I have been travelling to Poland two to three times a year since launching our moccasin slipper collection in 2015. Running my own business has always been a dream, so getting on a plane and meeting brilliant people who can help me to grow my business is a pure joy. This trip was short and packed with meetings, fuelled of course, by cups of strong Polish coffee.
Building trust and stronger partnerships
The trip involved meeting my main Polish maker and her team. Getting together with our makers builds stronger partnerships. As trust builds, the makers become more open to try new things, which is brilliant.
Refine the design
I listen to every bit of customer feedback I receive and do my best to improve the comfort or design of our slippers. Our makers and I discuss ways of improving our current designs, as well as the viability of new designs.
Listening is a key skill in business
I also listen to our makers to understand the challenges that come with handmade products made from natural materials. They take great pride in what they do. All of our makers have been making traditional moccasins for over 20 years. I respect their craft and, despite my limited Polish, try my best to ensure they know this.
Working now for autumn/winter 2020
We discuss production capacities and plan our year ahead. To get the volumes of moccasins we need in an autumn/winter season, our team of makers need to produce slippers all year round.
The joys of the journey
I fly into Kraków and then drive a couple of hours to Zakopane, which is in the extreme south of Poland by the Tatra Mountains. I hear the scenery is breathtaking, however, I have been unlucky with the weather - I always seem to bring torrential rain or white-out blizzards with me!
My fabulous Polish fixers
I stay with my Polish host family in a small village with a few traditional wooden mountain houses, a shop and a small local school. I love this family - four generations hang out at the kitchen table talking for hours. The Poles have a great sense of humour and there is lots of banter between siblings. There are seven adult brothers and sisters all with wives & husbands and 11 children. There is a granny who is nearly 90 and a mum who, despite speaking no English, gives me the best hug!

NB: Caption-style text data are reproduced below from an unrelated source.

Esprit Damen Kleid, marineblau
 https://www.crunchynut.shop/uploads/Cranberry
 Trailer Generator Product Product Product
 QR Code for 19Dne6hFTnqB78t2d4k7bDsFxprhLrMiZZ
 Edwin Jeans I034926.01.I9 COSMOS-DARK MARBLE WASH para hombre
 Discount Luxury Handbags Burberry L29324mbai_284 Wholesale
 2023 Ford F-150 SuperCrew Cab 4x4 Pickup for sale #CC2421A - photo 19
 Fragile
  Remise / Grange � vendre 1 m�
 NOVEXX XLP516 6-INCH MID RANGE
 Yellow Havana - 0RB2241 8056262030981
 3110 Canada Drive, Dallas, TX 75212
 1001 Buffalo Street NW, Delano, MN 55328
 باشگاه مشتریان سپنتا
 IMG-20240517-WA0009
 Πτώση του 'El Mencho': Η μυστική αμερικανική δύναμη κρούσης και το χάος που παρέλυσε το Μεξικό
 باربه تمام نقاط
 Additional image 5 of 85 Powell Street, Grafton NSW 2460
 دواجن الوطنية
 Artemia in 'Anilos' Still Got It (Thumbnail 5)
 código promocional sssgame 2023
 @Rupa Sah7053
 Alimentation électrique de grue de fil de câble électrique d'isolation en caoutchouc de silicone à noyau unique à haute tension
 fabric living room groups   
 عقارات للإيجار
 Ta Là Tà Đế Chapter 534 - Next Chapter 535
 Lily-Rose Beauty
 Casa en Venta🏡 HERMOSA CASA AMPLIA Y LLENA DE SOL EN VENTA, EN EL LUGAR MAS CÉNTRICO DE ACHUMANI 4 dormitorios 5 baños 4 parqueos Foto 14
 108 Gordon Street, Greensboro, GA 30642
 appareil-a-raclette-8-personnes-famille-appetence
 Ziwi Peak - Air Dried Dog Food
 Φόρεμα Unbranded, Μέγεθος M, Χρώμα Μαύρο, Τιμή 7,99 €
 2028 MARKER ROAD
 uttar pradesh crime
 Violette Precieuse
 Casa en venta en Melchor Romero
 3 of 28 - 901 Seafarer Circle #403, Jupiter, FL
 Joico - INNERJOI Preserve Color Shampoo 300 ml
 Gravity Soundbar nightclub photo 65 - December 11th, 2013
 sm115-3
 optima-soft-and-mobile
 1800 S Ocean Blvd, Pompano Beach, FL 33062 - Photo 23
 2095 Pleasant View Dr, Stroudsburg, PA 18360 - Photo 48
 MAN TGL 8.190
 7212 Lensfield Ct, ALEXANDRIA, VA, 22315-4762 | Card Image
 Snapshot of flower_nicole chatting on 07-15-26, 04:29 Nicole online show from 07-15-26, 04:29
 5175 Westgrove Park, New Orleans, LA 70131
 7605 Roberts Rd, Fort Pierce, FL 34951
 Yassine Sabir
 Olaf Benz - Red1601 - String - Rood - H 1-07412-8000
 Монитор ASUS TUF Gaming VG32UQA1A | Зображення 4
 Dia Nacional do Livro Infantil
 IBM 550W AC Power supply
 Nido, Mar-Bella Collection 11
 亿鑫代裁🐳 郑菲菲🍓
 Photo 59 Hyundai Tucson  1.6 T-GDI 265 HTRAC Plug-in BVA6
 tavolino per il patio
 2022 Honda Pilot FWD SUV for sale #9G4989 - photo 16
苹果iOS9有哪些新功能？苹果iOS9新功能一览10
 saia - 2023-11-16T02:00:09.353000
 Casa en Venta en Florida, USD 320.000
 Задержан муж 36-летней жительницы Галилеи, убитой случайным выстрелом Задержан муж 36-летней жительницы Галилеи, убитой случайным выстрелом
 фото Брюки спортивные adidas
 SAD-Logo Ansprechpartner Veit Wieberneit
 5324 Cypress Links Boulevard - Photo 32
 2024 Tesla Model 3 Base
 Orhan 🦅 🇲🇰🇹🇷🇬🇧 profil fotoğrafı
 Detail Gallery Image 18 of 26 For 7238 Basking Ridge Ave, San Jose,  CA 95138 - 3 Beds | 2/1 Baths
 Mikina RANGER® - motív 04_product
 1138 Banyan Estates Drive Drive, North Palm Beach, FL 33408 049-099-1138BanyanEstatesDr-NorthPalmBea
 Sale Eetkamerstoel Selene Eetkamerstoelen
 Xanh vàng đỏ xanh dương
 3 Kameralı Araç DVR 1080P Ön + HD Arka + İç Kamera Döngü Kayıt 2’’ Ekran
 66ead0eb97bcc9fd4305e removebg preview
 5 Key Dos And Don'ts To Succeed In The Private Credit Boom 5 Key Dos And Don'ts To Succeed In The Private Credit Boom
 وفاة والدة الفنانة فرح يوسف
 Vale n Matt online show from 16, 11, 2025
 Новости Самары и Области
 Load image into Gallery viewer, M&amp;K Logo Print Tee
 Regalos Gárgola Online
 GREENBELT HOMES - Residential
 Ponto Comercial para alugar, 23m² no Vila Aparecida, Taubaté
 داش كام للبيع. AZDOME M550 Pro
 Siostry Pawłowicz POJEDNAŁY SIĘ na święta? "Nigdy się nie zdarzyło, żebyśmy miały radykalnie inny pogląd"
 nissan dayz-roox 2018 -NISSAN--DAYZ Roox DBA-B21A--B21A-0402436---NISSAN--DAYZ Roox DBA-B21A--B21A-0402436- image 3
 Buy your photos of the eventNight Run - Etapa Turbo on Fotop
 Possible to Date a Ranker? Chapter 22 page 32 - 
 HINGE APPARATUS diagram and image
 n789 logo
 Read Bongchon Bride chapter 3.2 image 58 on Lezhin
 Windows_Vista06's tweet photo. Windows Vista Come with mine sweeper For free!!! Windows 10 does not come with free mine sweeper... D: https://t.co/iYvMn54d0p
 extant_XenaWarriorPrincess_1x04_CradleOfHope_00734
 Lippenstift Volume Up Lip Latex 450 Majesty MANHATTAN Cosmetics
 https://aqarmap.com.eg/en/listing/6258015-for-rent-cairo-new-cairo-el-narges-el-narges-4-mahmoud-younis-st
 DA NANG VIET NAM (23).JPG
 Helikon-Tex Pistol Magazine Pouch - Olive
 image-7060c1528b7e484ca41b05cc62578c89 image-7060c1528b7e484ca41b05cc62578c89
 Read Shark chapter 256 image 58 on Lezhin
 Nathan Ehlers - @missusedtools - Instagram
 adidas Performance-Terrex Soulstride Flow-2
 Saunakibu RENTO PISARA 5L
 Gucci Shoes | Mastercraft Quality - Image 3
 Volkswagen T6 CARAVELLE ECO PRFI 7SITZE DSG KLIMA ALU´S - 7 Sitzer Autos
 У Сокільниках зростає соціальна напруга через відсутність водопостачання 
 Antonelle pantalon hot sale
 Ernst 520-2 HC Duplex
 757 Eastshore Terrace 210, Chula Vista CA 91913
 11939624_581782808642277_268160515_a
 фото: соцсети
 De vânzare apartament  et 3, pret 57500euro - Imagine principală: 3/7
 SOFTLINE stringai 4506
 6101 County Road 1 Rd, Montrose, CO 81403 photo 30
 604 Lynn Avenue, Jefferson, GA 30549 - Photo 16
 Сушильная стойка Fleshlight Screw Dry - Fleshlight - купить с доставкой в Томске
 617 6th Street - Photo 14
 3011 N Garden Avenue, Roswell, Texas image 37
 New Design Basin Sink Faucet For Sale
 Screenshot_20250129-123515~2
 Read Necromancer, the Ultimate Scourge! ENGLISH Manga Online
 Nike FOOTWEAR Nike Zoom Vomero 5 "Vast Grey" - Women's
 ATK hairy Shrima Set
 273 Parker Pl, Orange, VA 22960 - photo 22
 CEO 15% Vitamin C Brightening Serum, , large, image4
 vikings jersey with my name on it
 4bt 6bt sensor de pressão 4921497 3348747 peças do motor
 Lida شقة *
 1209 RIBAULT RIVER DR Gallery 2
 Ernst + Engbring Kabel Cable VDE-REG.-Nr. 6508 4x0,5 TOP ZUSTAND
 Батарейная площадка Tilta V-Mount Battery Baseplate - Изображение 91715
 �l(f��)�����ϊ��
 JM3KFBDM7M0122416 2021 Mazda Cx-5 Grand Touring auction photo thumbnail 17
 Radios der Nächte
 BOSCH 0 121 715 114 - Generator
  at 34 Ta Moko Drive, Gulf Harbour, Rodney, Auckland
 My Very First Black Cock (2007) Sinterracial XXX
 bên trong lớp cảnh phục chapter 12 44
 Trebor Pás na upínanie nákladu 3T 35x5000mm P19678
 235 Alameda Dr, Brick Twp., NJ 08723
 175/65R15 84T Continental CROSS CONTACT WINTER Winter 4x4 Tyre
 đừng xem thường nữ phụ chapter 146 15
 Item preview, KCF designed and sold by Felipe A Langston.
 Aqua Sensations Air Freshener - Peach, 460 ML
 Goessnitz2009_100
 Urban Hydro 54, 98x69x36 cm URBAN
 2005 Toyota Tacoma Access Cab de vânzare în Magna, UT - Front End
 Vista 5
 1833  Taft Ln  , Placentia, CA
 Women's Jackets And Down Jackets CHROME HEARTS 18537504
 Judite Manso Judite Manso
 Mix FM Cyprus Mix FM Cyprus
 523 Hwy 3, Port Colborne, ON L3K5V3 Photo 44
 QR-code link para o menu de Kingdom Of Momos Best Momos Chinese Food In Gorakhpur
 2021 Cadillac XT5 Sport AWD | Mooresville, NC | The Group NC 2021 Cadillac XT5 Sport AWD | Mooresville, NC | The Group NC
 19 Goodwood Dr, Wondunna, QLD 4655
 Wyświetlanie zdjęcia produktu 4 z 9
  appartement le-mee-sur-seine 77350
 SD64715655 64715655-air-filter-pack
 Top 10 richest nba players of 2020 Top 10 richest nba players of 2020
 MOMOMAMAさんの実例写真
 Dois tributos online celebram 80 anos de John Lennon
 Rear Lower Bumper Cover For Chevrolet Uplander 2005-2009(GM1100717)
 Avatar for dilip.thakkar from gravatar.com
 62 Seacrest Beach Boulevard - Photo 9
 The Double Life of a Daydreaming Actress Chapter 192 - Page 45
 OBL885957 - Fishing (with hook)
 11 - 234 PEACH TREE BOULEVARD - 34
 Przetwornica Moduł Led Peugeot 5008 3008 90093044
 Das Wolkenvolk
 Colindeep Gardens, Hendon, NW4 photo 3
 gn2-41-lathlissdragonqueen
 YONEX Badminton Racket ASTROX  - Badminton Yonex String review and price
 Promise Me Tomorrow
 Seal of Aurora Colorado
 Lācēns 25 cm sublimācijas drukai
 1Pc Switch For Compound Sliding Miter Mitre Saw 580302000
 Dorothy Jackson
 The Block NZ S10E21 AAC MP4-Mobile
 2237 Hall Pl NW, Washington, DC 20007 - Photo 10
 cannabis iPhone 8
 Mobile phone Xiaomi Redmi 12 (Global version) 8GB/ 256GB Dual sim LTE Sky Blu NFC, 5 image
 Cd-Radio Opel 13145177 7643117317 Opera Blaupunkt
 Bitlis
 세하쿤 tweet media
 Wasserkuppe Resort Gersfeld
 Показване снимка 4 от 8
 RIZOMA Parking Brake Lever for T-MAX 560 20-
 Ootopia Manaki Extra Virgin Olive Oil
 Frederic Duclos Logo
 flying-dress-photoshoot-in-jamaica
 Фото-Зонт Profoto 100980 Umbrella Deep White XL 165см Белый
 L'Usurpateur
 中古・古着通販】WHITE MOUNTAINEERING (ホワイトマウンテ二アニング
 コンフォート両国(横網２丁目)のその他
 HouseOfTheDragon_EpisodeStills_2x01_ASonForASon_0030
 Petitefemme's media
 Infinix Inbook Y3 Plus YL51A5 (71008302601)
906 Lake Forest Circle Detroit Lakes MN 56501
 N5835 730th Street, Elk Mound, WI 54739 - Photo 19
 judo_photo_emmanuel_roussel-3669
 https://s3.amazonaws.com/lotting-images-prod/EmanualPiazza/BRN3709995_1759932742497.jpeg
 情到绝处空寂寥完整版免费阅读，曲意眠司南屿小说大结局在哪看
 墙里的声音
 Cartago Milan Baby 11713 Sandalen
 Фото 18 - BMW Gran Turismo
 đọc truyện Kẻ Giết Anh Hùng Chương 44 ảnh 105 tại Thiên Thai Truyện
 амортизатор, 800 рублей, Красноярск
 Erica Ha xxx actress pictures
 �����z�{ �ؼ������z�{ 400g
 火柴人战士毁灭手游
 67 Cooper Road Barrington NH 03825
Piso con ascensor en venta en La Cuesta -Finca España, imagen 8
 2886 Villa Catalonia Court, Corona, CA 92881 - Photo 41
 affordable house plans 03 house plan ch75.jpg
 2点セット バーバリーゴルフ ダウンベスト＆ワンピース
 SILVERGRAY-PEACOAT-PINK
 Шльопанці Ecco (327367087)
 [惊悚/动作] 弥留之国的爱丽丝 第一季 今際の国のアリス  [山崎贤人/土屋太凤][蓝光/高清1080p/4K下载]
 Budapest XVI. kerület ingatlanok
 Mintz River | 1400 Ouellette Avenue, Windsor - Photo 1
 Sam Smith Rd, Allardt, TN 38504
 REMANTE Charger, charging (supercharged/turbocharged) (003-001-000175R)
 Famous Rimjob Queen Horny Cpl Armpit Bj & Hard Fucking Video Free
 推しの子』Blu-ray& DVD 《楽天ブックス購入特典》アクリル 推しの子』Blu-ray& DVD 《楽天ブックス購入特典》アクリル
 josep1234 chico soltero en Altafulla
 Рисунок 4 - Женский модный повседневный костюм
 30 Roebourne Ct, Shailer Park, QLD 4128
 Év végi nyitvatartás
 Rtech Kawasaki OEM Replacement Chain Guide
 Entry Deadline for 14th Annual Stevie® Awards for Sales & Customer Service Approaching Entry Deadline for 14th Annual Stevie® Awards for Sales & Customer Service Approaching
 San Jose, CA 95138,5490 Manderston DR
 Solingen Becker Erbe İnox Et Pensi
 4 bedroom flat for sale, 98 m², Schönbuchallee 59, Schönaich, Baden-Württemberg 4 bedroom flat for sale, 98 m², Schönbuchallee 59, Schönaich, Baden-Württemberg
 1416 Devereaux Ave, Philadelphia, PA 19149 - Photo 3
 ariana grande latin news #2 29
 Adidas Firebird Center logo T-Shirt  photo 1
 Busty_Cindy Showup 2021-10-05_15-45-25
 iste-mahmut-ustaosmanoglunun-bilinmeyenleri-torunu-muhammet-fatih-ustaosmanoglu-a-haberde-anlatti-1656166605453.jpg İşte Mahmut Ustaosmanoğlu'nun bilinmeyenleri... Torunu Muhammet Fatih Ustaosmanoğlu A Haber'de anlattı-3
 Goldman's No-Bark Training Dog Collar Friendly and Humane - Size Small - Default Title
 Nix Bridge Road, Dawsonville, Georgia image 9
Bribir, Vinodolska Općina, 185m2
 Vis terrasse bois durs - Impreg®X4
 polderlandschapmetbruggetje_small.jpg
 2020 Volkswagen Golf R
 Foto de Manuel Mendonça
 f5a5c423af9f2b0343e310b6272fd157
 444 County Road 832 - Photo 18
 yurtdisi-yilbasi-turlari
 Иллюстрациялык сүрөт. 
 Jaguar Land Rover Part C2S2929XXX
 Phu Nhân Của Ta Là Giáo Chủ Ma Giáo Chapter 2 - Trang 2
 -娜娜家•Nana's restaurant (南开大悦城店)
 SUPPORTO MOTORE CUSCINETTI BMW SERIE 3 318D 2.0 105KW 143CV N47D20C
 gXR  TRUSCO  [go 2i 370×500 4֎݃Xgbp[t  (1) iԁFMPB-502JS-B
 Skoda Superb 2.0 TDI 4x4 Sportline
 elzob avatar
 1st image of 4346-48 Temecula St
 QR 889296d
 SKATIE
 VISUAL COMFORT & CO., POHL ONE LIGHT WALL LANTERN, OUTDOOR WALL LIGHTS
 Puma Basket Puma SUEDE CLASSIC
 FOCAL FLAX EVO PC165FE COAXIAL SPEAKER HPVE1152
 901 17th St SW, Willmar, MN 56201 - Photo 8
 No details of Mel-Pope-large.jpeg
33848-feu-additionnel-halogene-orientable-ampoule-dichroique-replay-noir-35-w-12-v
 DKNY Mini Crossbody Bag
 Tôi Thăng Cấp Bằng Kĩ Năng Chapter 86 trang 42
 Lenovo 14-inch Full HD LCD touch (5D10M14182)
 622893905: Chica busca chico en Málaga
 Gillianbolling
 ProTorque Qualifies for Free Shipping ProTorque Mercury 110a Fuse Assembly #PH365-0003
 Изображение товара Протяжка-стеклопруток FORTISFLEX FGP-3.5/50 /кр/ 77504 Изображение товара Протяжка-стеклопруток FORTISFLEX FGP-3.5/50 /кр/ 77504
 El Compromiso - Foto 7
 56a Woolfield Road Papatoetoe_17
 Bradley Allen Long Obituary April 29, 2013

Culturally, the Poles from this region are very proud and very private. I respect both of these qualities. They laugh at the English and say we can’t utter a sentence without saying ‘please’, ‘thank you’ or ‘sorry’. They are far more direct than the English but 100% sincere and very generous.
Sustainable living as standard
I love the way my host family live - nothing is disposable or wasted - no food is thrown out. Household items are bought once and maintained. Fashion and design schemes are seen as being frivolous - everything is rated purely on its practical use. They live sustainably - and not necessarily for environmental reasons - but because they have brought up to be self-sufficient, growing and rearing their own food and making what they have last.
A successful business trip involves
Coming back full of ideas and having met great people with whom I can form successful partnerships.
These are my business trip travel essentials
My work samples, yarns, trims and books take up most of my small carryon suitcase so there isn’t much space for personal items. However, I never travel without a good novel, my journal for scribbling new ideas, plus all of my many lists. My kids often hide letters in my suitcase which are always a real joy to find when I’m away from home.
The best things about returning to The Small Home
My family. I appreciate them all the more for being away from them. And of course, coffee just as I like it!